What is needed:
Starting at the first line of the listing below, repeat each line up to and including the one containing "Fotovoltaico, Si? No?". Leave out pictures.

Materials provided:

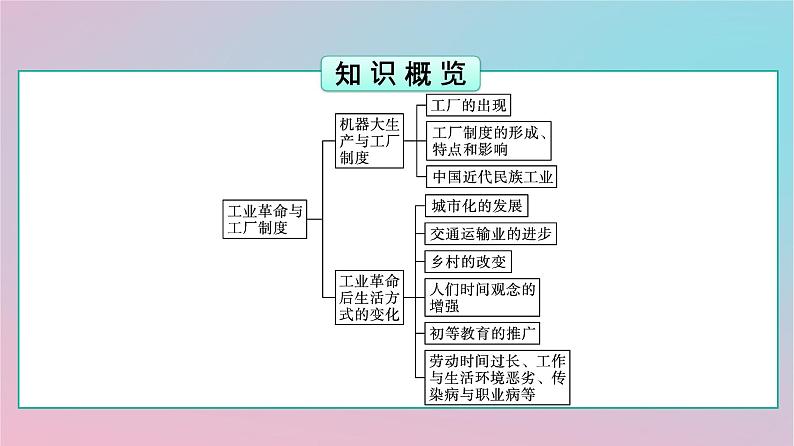 新教材2023年高中历史第2单元生产工具与劳作方式第5课工业革命与工厂制度课件部编版选择性必修203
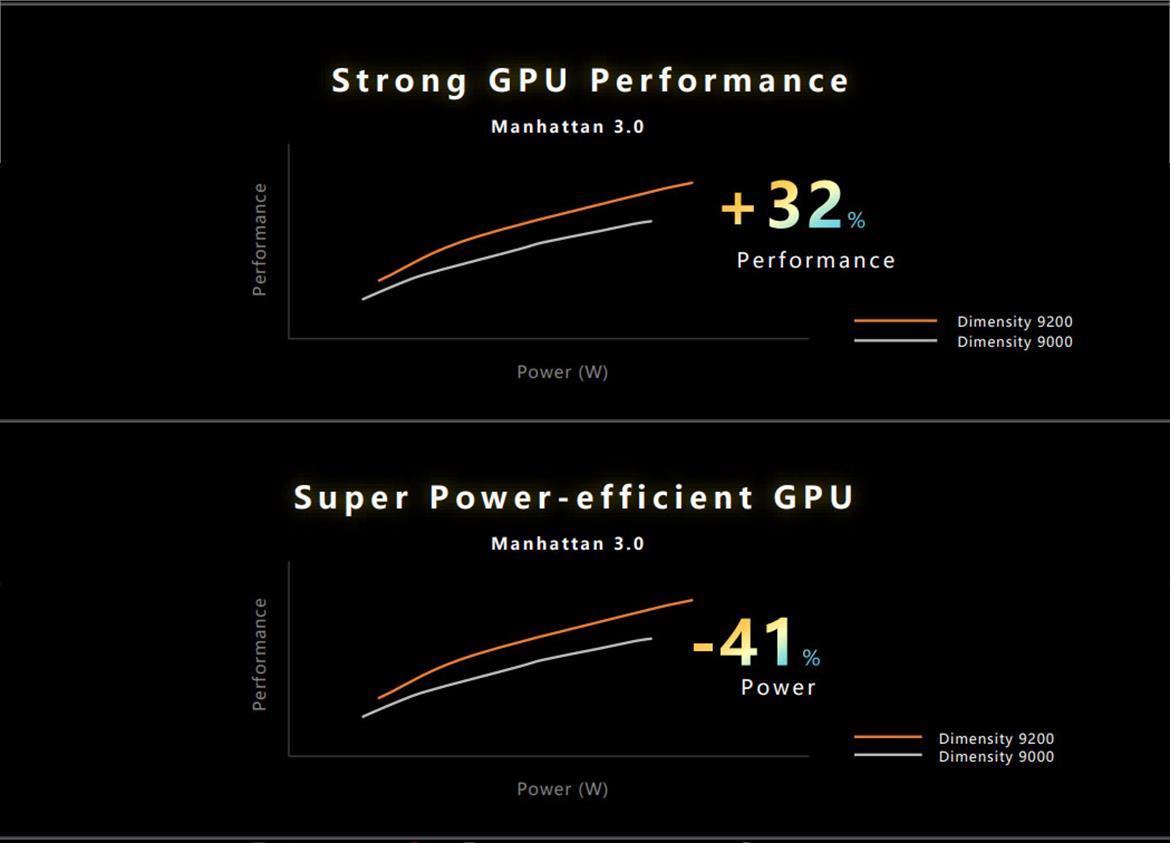 MediaTek Dimensity 9200 Rocks Wi-Fi 7 And A Huge GPU Upgrade For Flagship Phones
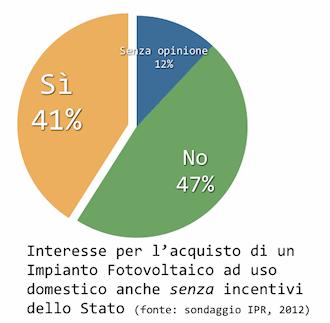 Fotovoltaico, Si? No? Perchè? Liberalizzazioni 2012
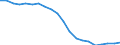Sector of employment: Total intramural / Qualification: Total qualification / Gender: Total / Measure: Full-time equivalent on R&D activities / Occupation criteria: Total Personnel R&D / Country: Hungary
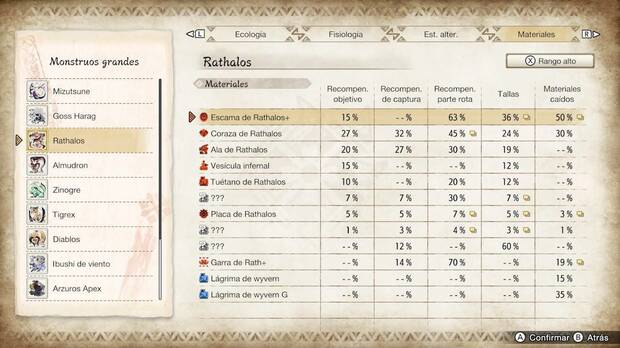 Monster Hunter Rise - Materiales Rathalos Rango alto
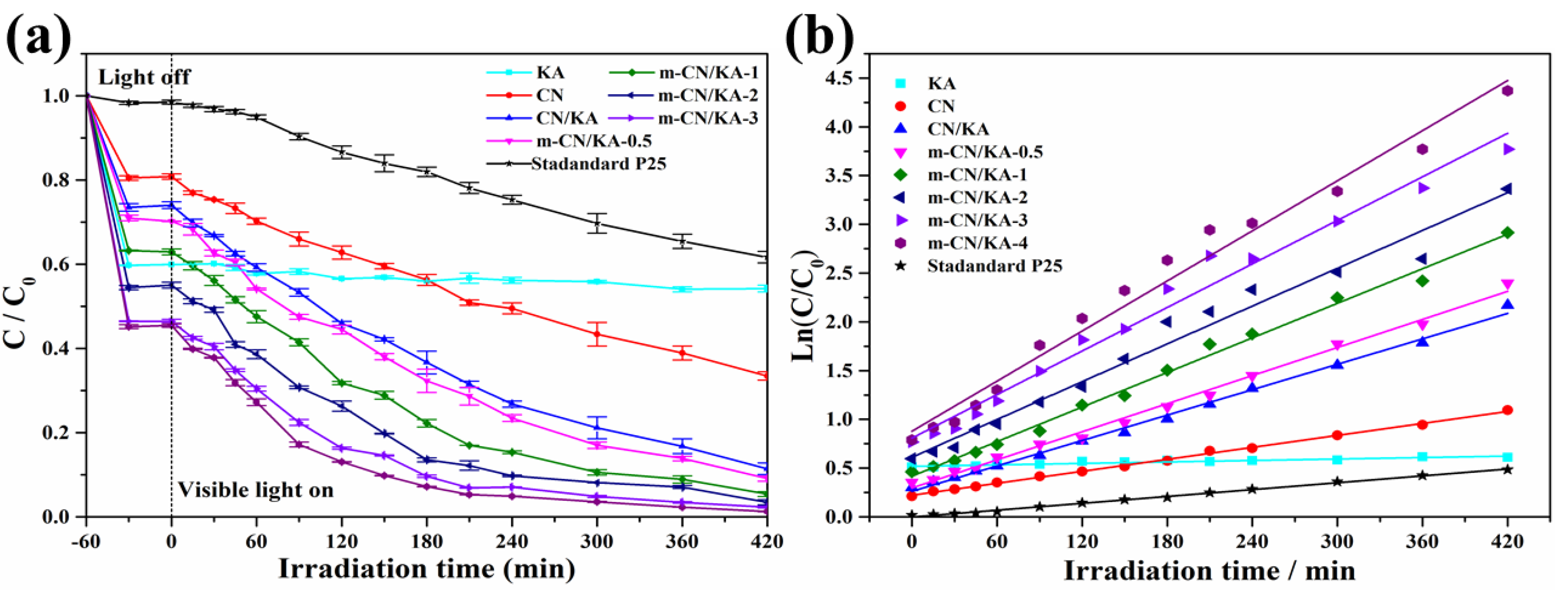 Minerals 08 00437 g008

Task response:
 新教材2023年高中历史第2单元生产工具与劳作方式第5课工业革命与工厂制度课件部编版选择性必修203
 MediaTek Dimensity 9200 Rocks Wi-Fi 7 And A Huge GPU Upgrade For Flagship Phones
 Fotovoltaico, Si? No? Perchè? Liberalizzazioni 2012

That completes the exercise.